Efficacy study schedule in K18-hACE2 transgenic mice
Female K18-hACE2 mice (10 weeks old at the beginning of the study) immunized with one or two doses of MVA-CoV2-S were used to evaluate the efficacy of the MVA-CoV2-S vaccine candidate. Groups of animals (n = 11) received one or two doses of 1 × 107 PFU of MVA-CoV2-S by intramuscular route in 100 μl of PBS (50 μl/leg) at 0 and 4 weeks. Mice primed and boosted with nonrecombinant MVA-WT or not vaccinated were used as control groups. At week 9, mice were challenged with a lethal dose (1 × 105 PFU) of SARS-CoV-2 (MAD6 strain) by intranasal route in 50 μl of PBS, and one group of unvaccinated mice were left uninfected. Mice were monitored for body weight change and mortality for 15 days postchallenge. Animals with more than 25% of weight loss were euthanized. At days 2 and 4 postchallenge, three mice per group were euthanized, and lungs and serum samples were collected. The entire left lung lobe was removed from each mouse and immersion-fixed in zinc formalin (Sigma-Aldrich) for 48 h. After the fixation period, samples were routinely processed and embedded in paraffin for subsequence histopathological evaluations. Right lung lobes were divided longitudinally in two, with one part placed in RNALater stabilization reagent (Sigma-Aldrich) and stored at −80 °C until RNA extraction, and the other part stored also at −80 °C until analysis of virus yields. Blood was collected by submandibular bleeding, maintained at 37 °C for 1 h, kept at 4 °C overnight, and centrifuged at 3600 rpm for 20 min at 4 °C to obtain the serum samples, which was then inactivated at 56 °C for 30 min and kept at −20 °C until use.

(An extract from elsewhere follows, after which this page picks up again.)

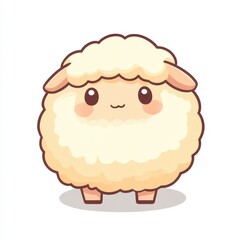 vector illustration of sheep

Moreover, K18-hACE2 mice previously vaccinated with one or two doses of MVA-CoV2-S (or control unvaccinated and unchallenged mice) (n = 5/group) were re-infected with SARS-CoV-2 at week 16 (7 weeks after the first SARS-CoV-2 infection) with a lethal dose (1 × 105 PFU) of SARS-CoV-2 (MAD6 strain) by intranasal route in 50 μl of PBS. Mice were monitored for body weight change and mortality for 6 days post-rechallenge, moment at what control infected mice lost >25% of the initial body weight and have to be sacrificed. On day 6 post-rechallenge, all mice were euthanized, and lungs and serum samples were collected and processed similarly as above.
Analysis of SARS-CoV-2 RNA by quantitative RT-PCR (RT-qPCR)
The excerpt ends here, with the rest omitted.